Co-Authored-By: Claude Sonnet 4.6 <noreply@anthropic.com>
This commit is contained in:
2026-05-03 16:36:43 +00:00
parent 1cee6adc68
commit cd89ba5dea
13 changed files with 688 additions and 25 deletions

View File

@@ -0,0 +1,56 @@
# Research: API Image Proxy
**Branch**: `002-api-image-proxy` | **Date**: 2026-05-03
## Decision 1: Storage retrieval method
**Decision**: Add `async def get(key: str) -> bytes` to `StorageBackend` and remove `get_presigned_url`.
**Rationale**: The only consumer of `get_presigned_url` is the `serve_image_file` route. Once the route stops redirecting and starts streaming bytes directly, `get_presigned_url` has no call sites. Per §2.6 (no speculative abstraction), it must be removed. A simple `get → bytes` method is consistent with `put` which already operates on `bytes`, and is straightforward to implement and test. At 50 MB maximum file size, loading the full object into memory in a single call is acceptable — the same pattern is used on upload already.
**Alternatives considered**:
- `async def stream(key) -> AsyncIterator[bytes]`: True streaming avoids buffering but complicates the abstract interface (async generators cannot cleanly implement abstract methods in Python without workarounds). Deferred; can be introduced later if memory pressure is observed.
- Keep `get_presigned_url` and add `get`: Violates §2.6 since `get_presigned_url` would then have no callers.
---
## Decision 2: HTTP response type for the proxy endpoint
**Decision**: Return `fastapi.Response(content=data, media_type=mime_type)` with the image bytes directly.
**Rationale**: FastAPI's `Response` with raw bytes is the simplest correct approach when the full content is already in memory. The `mime_type` field is already stored on the `Image` database record, so the router can set `Content-Type` from it without re-inspecting the file.
**Alternatives considered**:
- `StreamingResponse` with an async generator: Appropriate for true streaming but adds complexity with no benefit when content is already loaded as `bytes`.
- `FileResponse`: For local file paths only, not applicable.
---
## Decision 3: Caching headers
**Decision**: Add `ETag: "<sha256-hash>"` and `Cache-Control: public, max-age=31536000, immutable` to the content response.

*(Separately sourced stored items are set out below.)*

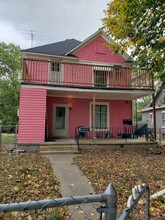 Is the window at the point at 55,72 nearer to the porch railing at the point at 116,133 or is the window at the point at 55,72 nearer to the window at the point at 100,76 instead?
the window at the point at 100,76

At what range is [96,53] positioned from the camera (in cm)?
1411

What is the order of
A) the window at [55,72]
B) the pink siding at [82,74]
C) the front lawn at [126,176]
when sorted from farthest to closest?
the window at [55,72], the pink siding at [82,74], the front lawn at [126,176]

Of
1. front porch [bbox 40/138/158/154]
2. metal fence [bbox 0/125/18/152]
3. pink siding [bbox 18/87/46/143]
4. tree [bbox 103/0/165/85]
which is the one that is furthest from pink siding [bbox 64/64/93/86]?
tree [bbox 103/0/165/85]

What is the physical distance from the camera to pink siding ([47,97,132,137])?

**Rationale**: Image files are immutable after upload (constitution §4.2). The SHA-256 hash is already stored on the `Image` record. An `ETag` allows conditional `GET` requests (`If-None-Match`) so browsers skip re-downloading unchanged content. `Cache-Control: immutable` tells browsers the content will never change for this URL, eliminating speculative revalidation. Together these satisfy SC-004 (browser caching).
**Alternatives considered**:
- `Last-Modified` header: Less precise than ETag for binary content.
- No caching headers: Fails SC-004.
---
## Decision 4: Endpoint path
**Decision**: Keep the existing path `GET /api/v1/images/{image_id}/file`. Change the response from `302 RedirectResponse` to `200` with binary content.
**Rationale**: The path already exists, is already referenced by the UI's `getFileUrl()` method, and appears in the existing OpenAPI contract. Changing the response body but not the path means the UI requires no URL-construction changes. The existing integration tests (`test_serving.py`) must be updated to assert `200` instead of `302`.
**Alternatives considered**:
- New path `/api/v1/images/{id}/content`: Would require UI changes with no benefit; the existing path already semantically expresses "the file content for this image".
---
## Decision 5: Removal of `storage_key` from public API response
**Decision**: Out of scope for this feature. `storage_key` in the image metadata response is an internal S3 key (SHA-256 hex string), but it is not an actionable credential or hostname. Removal is a separate API-breaking change.
**Rationale**: The spec explicitly scopes this feature to how image *content* is delivered. Metadata response shape changes are independent and require their own spec and contract update.